ASF files store a wide variety of digital media content. It is anticipated that implementations will produce unique media types of their own creation. However, a rich set of standard media types that are commonly supported are defined to enable compatibility between diverse implementations.
The purpose of this section is to define a set of standard ASF media types. The explicit intention of this section is that if an implementation supports a media type defined within this section, that type must be supported in the manner described within this section if the implementation is to be considered content-compliant with the ASF specification. This commonality will define a minimum subset of digital media within which multi-vendor interoperability is possible. No restrictions are placed on how implementations support nonstandard media types (in other words, types other than those covered in this section).

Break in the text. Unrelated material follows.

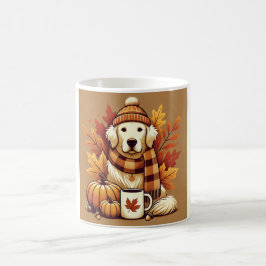 Cute Autumn Golden Retriever mug コーヒーマグカップ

The following subsections will define the core media types for audio, video, and commands.
9.1 Audio media type
When the Stream Type of the Stream Properties Object has the value ASF_Audio_Media, the ASF audio media type that populates the Type-Specific Data field of the Stream Properties Object is represented using the following structure (the WAVEFORMATEX structure).
Field name |
Field type |
Size (bits) |
Codec ID / Format Tag |
WORD |
16 |
Number of Channels |
WORD |
16 |
Samples Per Second |
DWORD |
32 |
Average Number of Bytes Per Second |
DWORD |
32 |
Block Alignment |
WORD |
16 |
Bits Per Sample |
WORD |
16 |
Codec Specific Data Size |
WORD |
16 |
Codec Specific Data |
BYTE |
varies |
The fields are defined as follows:
Codec ID / Format Tag
Specifies the unique ID of the codec used to encode the audio data. There is a registration procedure for new codecs. Defined as the wFormatTag field of a WAVEFORMATEX structure.
Number of Channels
Specifies the number of audio channels. Monaural data uses one channel and stereo data uses two channels. 5.1 audio uses six channels. Defined as the nChannels field of a WAVEFORMATEX structure.
Samples Per Second
Specifies a value in Hertz (cycles per second) that represents the sampling rate of the audio stream. Defined as the nSamplesPerSec field of a WAVEFORMATEX structure.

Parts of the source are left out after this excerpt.